Parler de Jésus comme grand-prêtre, c’est en finir avec les
religions, les règles de la pratique cultuelle, liturgique, avec la religion. C’est
entrer dans une compréhension non religieuse de la vie et de la société. Cela
tombe bien pour nous qui vivons dans un monde qui se pense non religieux, qui
pense assez généralement les religions comme périmées voire coupables et
dangereuses. Les religions, y compris le christianisme, non seulement peuvent
être dangereuses, c’est une évidence, mais surtout, elles empêchent d’entendre
l’évangile. Nous pouvons grâce à un texte biblique penser l’évangile sans la religion.
C’est dire l’actualité de l’épitre aux Hébreux !
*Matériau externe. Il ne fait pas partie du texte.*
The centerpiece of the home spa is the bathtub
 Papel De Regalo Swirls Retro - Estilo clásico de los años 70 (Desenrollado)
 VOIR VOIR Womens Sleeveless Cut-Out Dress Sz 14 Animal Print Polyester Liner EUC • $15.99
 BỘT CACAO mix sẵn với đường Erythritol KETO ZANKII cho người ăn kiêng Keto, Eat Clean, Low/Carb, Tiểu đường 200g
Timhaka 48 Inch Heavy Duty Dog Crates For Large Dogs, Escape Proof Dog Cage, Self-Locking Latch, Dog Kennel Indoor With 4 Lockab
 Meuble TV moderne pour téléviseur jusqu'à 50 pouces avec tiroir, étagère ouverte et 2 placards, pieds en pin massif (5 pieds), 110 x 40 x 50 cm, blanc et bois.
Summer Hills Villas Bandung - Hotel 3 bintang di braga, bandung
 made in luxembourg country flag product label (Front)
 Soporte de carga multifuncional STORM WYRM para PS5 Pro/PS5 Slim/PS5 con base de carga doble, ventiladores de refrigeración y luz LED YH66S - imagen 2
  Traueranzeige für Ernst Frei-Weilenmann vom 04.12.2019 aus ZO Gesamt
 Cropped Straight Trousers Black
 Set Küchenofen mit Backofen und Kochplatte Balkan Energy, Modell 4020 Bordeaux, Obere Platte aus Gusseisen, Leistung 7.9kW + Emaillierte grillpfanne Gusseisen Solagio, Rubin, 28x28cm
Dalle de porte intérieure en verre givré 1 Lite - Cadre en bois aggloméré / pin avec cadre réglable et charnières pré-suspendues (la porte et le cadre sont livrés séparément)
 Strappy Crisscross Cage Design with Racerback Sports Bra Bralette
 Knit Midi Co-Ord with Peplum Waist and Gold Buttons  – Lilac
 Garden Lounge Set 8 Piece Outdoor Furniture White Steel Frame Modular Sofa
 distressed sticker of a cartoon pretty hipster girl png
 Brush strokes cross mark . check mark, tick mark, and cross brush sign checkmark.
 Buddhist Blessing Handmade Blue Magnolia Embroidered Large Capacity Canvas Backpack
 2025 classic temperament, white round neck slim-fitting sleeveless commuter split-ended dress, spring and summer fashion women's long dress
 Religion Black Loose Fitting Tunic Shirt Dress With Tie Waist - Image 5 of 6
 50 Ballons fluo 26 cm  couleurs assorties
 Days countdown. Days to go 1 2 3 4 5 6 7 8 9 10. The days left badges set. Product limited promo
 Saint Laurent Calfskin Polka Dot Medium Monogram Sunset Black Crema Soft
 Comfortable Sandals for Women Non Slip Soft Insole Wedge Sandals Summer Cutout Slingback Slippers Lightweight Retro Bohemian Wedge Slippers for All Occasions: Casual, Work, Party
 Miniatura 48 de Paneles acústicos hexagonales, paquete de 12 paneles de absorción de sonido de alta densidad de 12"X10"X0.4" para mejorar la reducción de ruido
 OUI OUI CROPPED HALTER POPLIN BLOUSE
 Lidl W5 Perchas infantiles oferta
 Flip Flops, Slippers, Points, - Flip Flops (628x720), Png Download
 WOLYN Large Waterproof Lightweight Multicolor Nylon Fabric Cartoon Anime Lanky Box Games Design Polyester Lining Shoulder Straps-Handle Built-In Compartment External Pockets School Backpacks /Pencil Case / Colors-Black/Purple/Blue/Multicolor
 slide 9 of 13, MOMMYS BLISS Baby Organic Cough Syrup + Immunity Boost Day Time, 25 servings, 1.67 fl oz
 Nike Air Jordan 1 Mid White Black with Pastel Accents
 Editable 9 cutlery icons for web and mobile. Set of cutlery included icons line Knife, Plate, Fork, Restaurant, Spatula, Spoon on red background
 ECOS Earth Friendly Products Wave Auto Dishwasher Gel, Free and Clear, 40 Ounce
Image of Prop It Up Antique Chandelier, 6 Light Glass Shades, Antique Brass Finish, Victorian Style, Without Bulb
Mais alors, que devons-nous faire ? Rien, si la
religion est le domaine du faire, de la pratique, des rites sacrés. Si pratique
il y a dans l’évangile, c’est comme mise en pratique de la parole. Nous autres,
disciples de Jésus, savons que le service divin s’accomplit dans le service des
frères, dans la charité. La justice est le culte qui plaît à Dieu, si l’on veut
conserver le vocabulaire liturgique. On n’est pas chrétien à avoir tout fait,
baptême, communion et tout le tintouin ; c’est dans la vie de chaque
instant, que nous sommes appelés à vivre comme Jésus, à vivre par lui, avec lui
et en lui, à laisser surgir le royaume de Dieu, ici et maintenant.
Si Jésus est grand-prêtre, ce n’est pas comme un
fonctionnaire de Dieu, c’est comme fils, engendré, issu, procédant du Père. Ce
n’est pas comme les prêtres, que la figure d’Aaron représente, mais comme Melchisédech,
le roi de justice, dont on ne sait rien de l’ascendance ni de la descendance,
parce qu’il vient de Dieu même.
Parler de Jésus comme grand-prêtre, non seulement mène à la
confession de foi ‑ Jésus engendré du Père avant tous les siècles, seul
médiateur d’une alliance nouvelle, donne aux hommes de vivre de Dieu même, de
vivre de l’amour ‑ mais permet de comprendre que pour vivre avec Dieu, il
faut abandonner les religions, christianisme compris. Sans cesse dans l’histoire
de l’Eglise, on est retourné au veau d’or de la religion. « Le veau d’or
est toujours debout ! » L’alternative n’est pas entre la religion ou le
chaos qu’annoncent en chaire les Cassandre contemptrices du monde désacralisé,
mais entre deux mondes. Le « nouveau germe déjà, ne le voyez-vous pas ? »
C’est fraternité reçue de « Notre Père qui est aux cieux », c’est le « service
de Dieu dans la justice et la sainteté tout au long de nos jours ».